Log files: In addition to the console output that you get when running DocFetcher Server in the foreground, the application’s log files may also help with troubleshooting: C:\Windows\System32\LogFiles\Apache\docfetcherserver*.log

Starting the Server (Linux and macOS)¶

As a foreground process: To start DocFetcher Server on Linux or macOS, open a terminal window, use the cd command to navigate to the DocFetcher Server folder, e.g., cd /path/to/docfetcherserver, and then run the command ./server-start-foreground.sh. This will launch DocFetcher Server as a foreground process. If the command didn’t work, try the following command to mark all scripts in the current folder as executable: chmod +x *.sh. After starting the server process, there will be a flurry of terminal output, and then it will seem like the process is hanging. However, that’s how it’s supposed to work – the server is just up and running and ready to serve clients through their web browsers. You can stop the server process by pressing Ctrl + C (Linux) or Command + . (macOS) in the terminal.

As a background process: Later on, when the application is ready to be used for real, you will want to run it as a background process. In the latter mode, the commands ./server-start.sh and ./server-stop.sh will start and stop the background process, respectively. You will probably also want to use whatever facilities your operating system provides to make the server-start.sh script run when the system boots up.

Testing and troubleshooting: For testing and troubleshooting purposes, running DocFetcher Server as a foreground process is more suitable, as it allows one to see its output and any potentially useful error messages in the terminal.

The Web Interface¶

Accessing the web interface: After following the above instructions to get the server up and running, you can now access its web interface locally, i.e., on the same computer it runs on, by opening your web browser and visiting the address http://localhost:31190/. Warning: Do not omit the trailing slash in the address, the web interface won’t work correctly without it!

Server warm-up: When running DocFetcher Server as a background process, one thing to keep in mind is that after starting up the server, it may take a while for the server to become ready to serve content to clients. The main reason for this is that the server needs to load its indexes into memory, and this takes longer the bigger and more numerous the indexes are.

User Area and Admin Area: DocFetcher Server’s web interface is divided into two areas, the User Area and the Admin Area.
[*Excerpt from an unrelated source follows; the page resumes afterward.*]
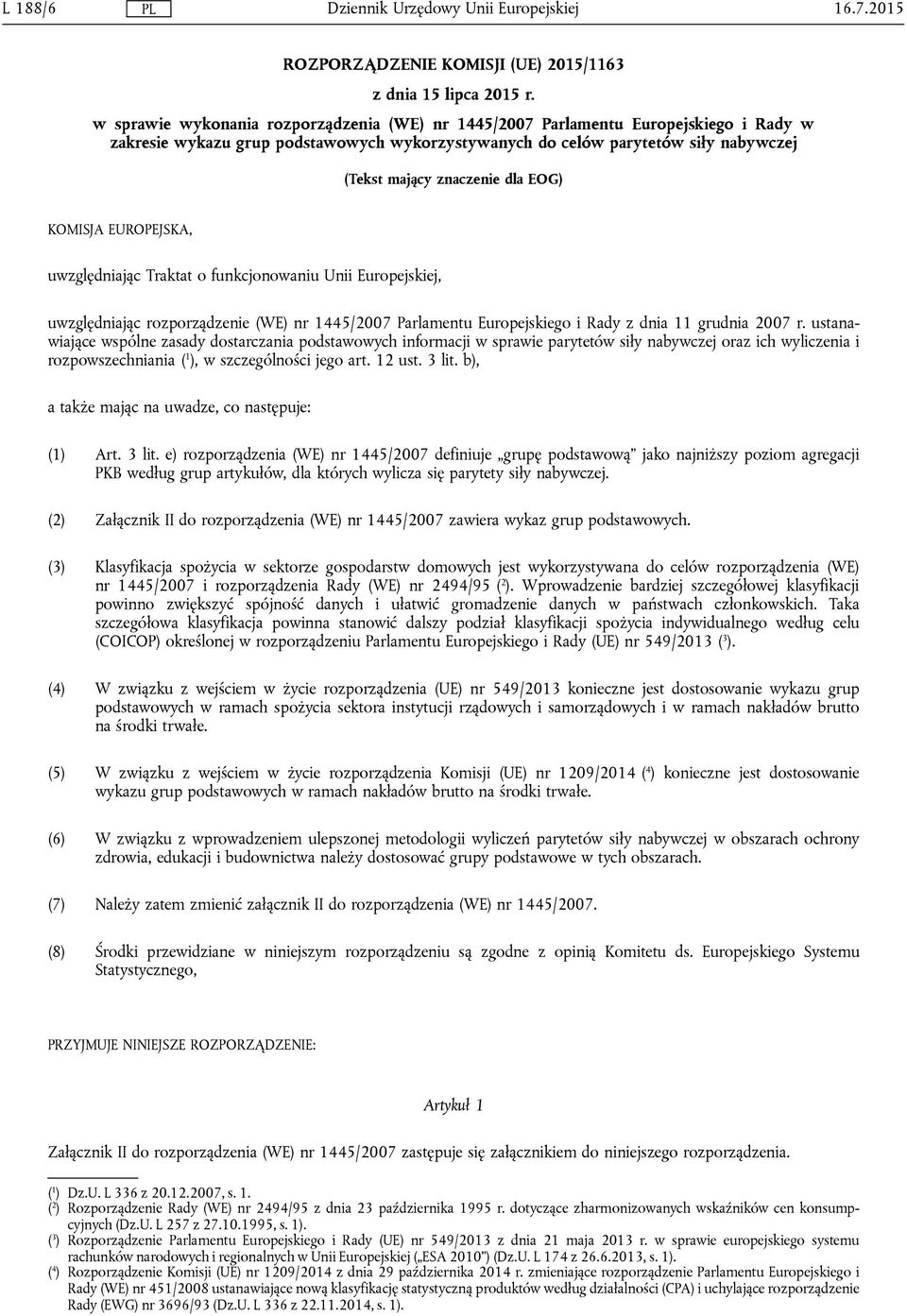 EOG) KOMISJA EUROPEJSKA, uwzględniając Traktat o funkcjonowaniu Unii Europejskiej, uwzględniając rozporządzenie (WE) nr 1445/2007 Parlamentu Europejskiego i Rady z dnia 11 grudnia 2007 r.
The User Area is where users can run searches and retrieve the result files. The Admin Area is where server admins can manage indexes and user access. You can navigate between User Area and Admin Area by clicking the aptly labeled links “User Area” and “Admin Area” placed at the top or bottom of the respective page.

Indexing before searching: Having just set up a DocFetcher Server instance, if you go to the User Area and try to enter a query in the search field, you will get an error message rather than results. This is because searching files requires indexing those files beforehand, something DocFetcher Server won’t do unless you tell it to. The topic of indexing is covered in a later section, Indexing.

Searching via URL: When opening the User Area in your browser, you can append a ?q= parameter to the URL to run a search immediately after the User Area is opened. For example, if the User Area is at the address https://example.com/search, you can navigate to https://example.com/search/?q=dog cat to search for dog cat immediately after the User Area is opened. If the query contains special characters, they must be encoded according to an encoding scheme known as percent-encoding or URL encoding. For example, the query +dog +cat would have to be encoded as %2Bdog+%2Bcat. The resulting URL would then be: https://example.com/search/?q=%2Bdog+%2Bcat. You can find various online tools on the web to perform this encoding, just search for “url encode online”.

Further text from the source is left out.